3 HappenStance Collections:
The Under-ripe Banana – Janet Loverseed (£4)
Rebuilding a Number 39 – Marilyn Ricci (£4)
Nearly the Happy Hour – D.A. Prince (£8)
Reviewed by Tom Jenks
If they had any souls, most publishers would sell them to the devil, Bill Gates or a consortium of Thai businessmen if it ensured that their output was described as ‘fashionable’. The weekend papers are full of it: top ten talents under thirty, top thirty talents under ten, what is ‘happening’, as if the whole world wasn’t happening. In this context, we must cherish publishers like HappenStance who look askance at all this sturm und drang and focus instead on finding and publicising writers whose work they believe in, regardless of whether they fit any particular demographic segment or target market. Primarily a chapbook imprint but expanding into books of late, HappenStance produce elegant, tailored editions whose pages showcase many of the enduring qualities of home grown poetry: an emphasis on craft and structure, a quiet, self-effacing voice and, above all, an eschewing of smoke and mirrors in favour of a clear-eyed focus on the tangible, everyday world, its myriad tiny mysteries and miracles. HappenStance poets remind us that there is wonder everywhere and that the way to the empyrean is via the quotidian.

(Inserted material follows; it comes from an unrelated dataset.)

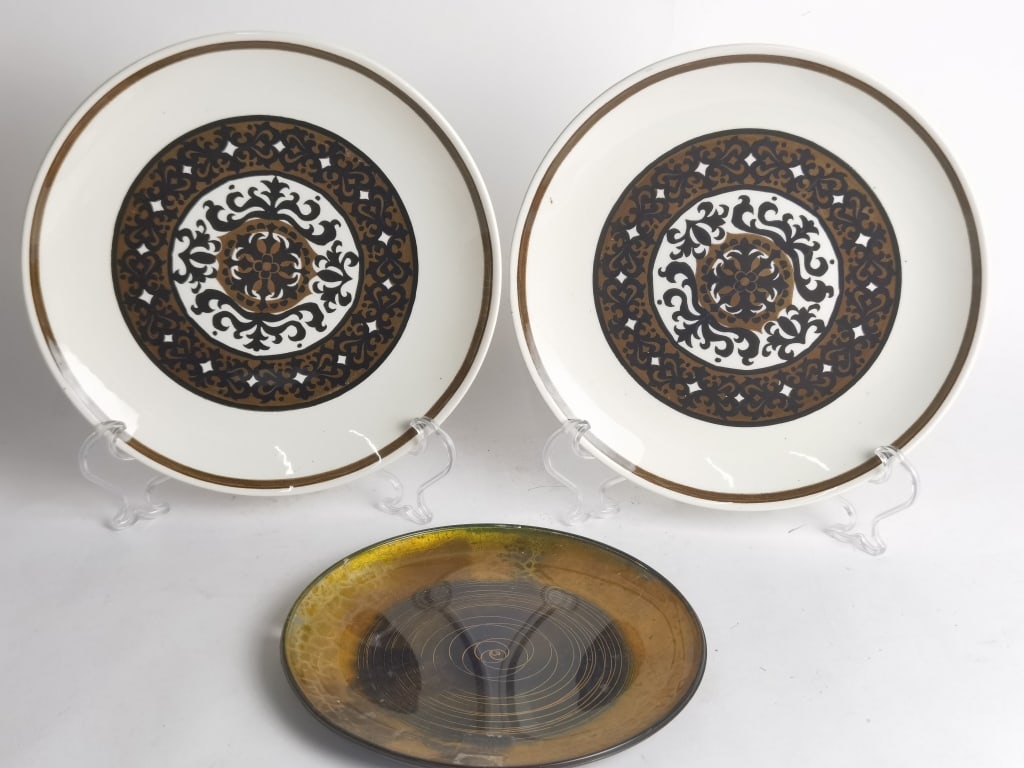 (2) Royal-Ironstone "Overture" and (1) Glass Plate: (2) Royal-Ironstone "Overture" and (1) Glass Plate, 10.25in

Janet Loverseed’s work embodies these qualities. Her voice throughout The Under-ripe Banana, her first collection, is controlled and unwavering, never brash or gauche, never playing to the gallery. Each phrase is weighted, each line calibrated. Some of the poems here deal with highly emotive subjects – the passage of time, changing relationships, old age, death. These themes are the bread and butter of poetry but it is surprising how many poets can’t butter bread. Janet Loverseed definitely can and you would never find her reaching for the jam jar just for the sake of it. Each poem knows what it is trying to do, does it and then leaves. My two favourites were Touching and From this Stopped Train. The first describes an observed scene between mother and son as the son draws “the best tiger in the world”, yellow and green with bright blue eyes and a pink smile. The second has echoes of Edward Thomas’s Adelstrop where the world is seen anew from a halted train, across the “noon-bright fields” where the calves are following their mothers. Janet Loverseed talks elsewhere in the collection about learning to accept herself, learning to believe that “…it’s quite all right/to be the kind of person/who just hangs about all the time,/thinking.” This chapbook suggests that time was well spent.
On the evidence of Rebuilding a Number 39, also a first collection, Marilyn Ricci has also spent a long time looking and thinking. These elegant, spare poems show that she has a particular feel for character and an ability to delineate it economically. The companion pieces Mams and Dads illustrate this, highlighting the differences between two children by contrasting the looks and character of their parents. One mother is “…young with fluid limbs./Wavy hair floats down her back.”, the other “…older with short hair./Eyes glow green and blue”. One looks like Jean Shrimpton while, the other, unable to look like a movie star, has to content herself with cleaning the oven while another movie star, Bob Hope, entertains her family at the local cinema. In the end, though, the two women are more alike than they first appear, each exhausted at the end of the day, laying their aching bodies down to sleep. The poems in this collection are set in tea rooms, cinemas and parlours, places where nothing much seems to be happening but there is drama if you know where and how to look: in the arrival of a coal delivery, in the smell of hops, in a teenage boy’s baleful glance at a waitress whiles his mother chatters, telling us all we need to know about what their relationship is and what it will become. But every now and then a streak of surrealism surfaces, as in Consuming Passion, where a woman renovates a rowing boat in a kitchen that may be on earth or may be somewhere else. These off kilter moments, dotted through the book, fizzing and flaring like fireworks, illuminate the elegant, miniaturist narratives that bind together this collection and the characters that inhabit it.